Vers midi, l’autoroute Las Americas, l’une des plus importantes de la capitale, San Juan, était bloquée par le cortège, accompagné de camions. Le plus grand centre commercial de l’île a dû fermer et des navires de croisière ont renoncé à leur escale sur l’île, note la radio publique NPR.
“Quand la foule sur l’autoroute a commencé à diminuer, des gens sont retournés occuper la rue en face de la résidence du gouverneur”, raconte le New York Times, évoquant une capitale “paralysée”. Le quotidien de la Grosse Pomme, où vit une forte communauté portoricaine, a remarqué la présence de membres de la diaspora mais surtout de “retraités, d’étudiants, de serveurs, d’électriciens, de chauffeurs routiers, des groupes qui manifestent rarement ensemble”.
“C’était un acte sans précédent. […] Aucune idéologie politique n’a prévalu. Personne n’a arboré de badges partisans, mais des drapeaux de Porto Rico, certains en noir et blanc”, observe de son côté El Nuevo Día.
Plusieurs personnalités locales ont rejoint le mouvement, le chanteur de reggaeton Daddy Yankee, par exemple. On a aussi vu Ricky Martin tenir un drapeau arc-en-ciel et s’adresser à la foule, signale CNN. La star a été moquée pour son orientation sexuelle dans le groupe de discussion auquel appartenaient le gouverneur et onze de ses collaborateurs. Hit cent quatre-vingts pages de messages postés par ce groupe ont fuité le 13 juillet, rappelle la BBC. Les propos homophobes, sexistes et insultants pour les victimes de l’ouragan Maria qui y sont exprimés ont provoqué les manifestations des dix derniers jours.
Un problème plus profond
“En plus d’être offensants, les messages ont révélé une relation privilégiée entre le gouverneur et d’anciens membres de son staff qui représentent désormais des intérêts privés”, précise le Times. Le gouverneur se refuse pour l’instant à démissionner. Il a toutefois prévenu dimanche qu’il ne briguerait pas de second mandat. “L’annonce n’a rien fait pour apaiser les Portoricains”, constate le Post.
Alors que des élus de l’île envisagent une procédure de destitution, Ricardo Rosselló a accordé lundi une interview à la chaîne Fox News. “Je me suis excusé pour tous les commentaires que j’ai faits sur les chats”, a-t-il déclaré. “Mais nous devons avancer sur un autre sujet : la lutte contre la corruption.”

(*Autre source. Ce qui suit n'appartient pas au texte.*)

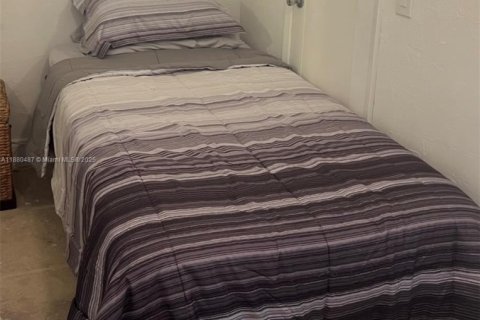 Купить кондоминиум в Санни-Айлс-Бич, Флорида 1 спальня, 93.37м2, № 1925259 - фото 17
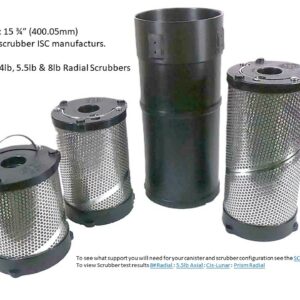 GP-Can Cave Rev5 BARE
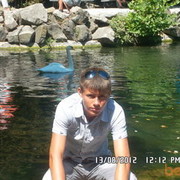 ���������� ������, ���� ������� ����, 31 ���, ������������ ��� ������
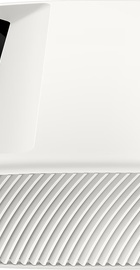 Samsung The Premiere LPU9D 2024 (SP-LPU9DSAXXUA)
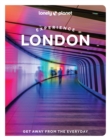 Image for Lonely Planet Experience London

Dans son analyse du mouvement populaire qui secoue Porto Rico, NBC News insiste sur le rôle de l’ouragan Maria, en septembre 2017. La catastrophe a “mis en évidence la dure vérité sur la façon dont la colonie américaine a été détruite politiquement et économiquement par Washington et ses propres administrateurs corrompus bien avant que ne frappe l’ouragan de catégorie 5”.
“Les manifestations sont passées du rejet ciblé d’un leader à l’expression de tous les griefs que les Portoricains accumulent depuis des années : la dette ; l’économie ; un comité chargé des finances du territoire qui n’a pas été élu ; le manque de perspectives pour les jeunes”, confirme le Washington Post.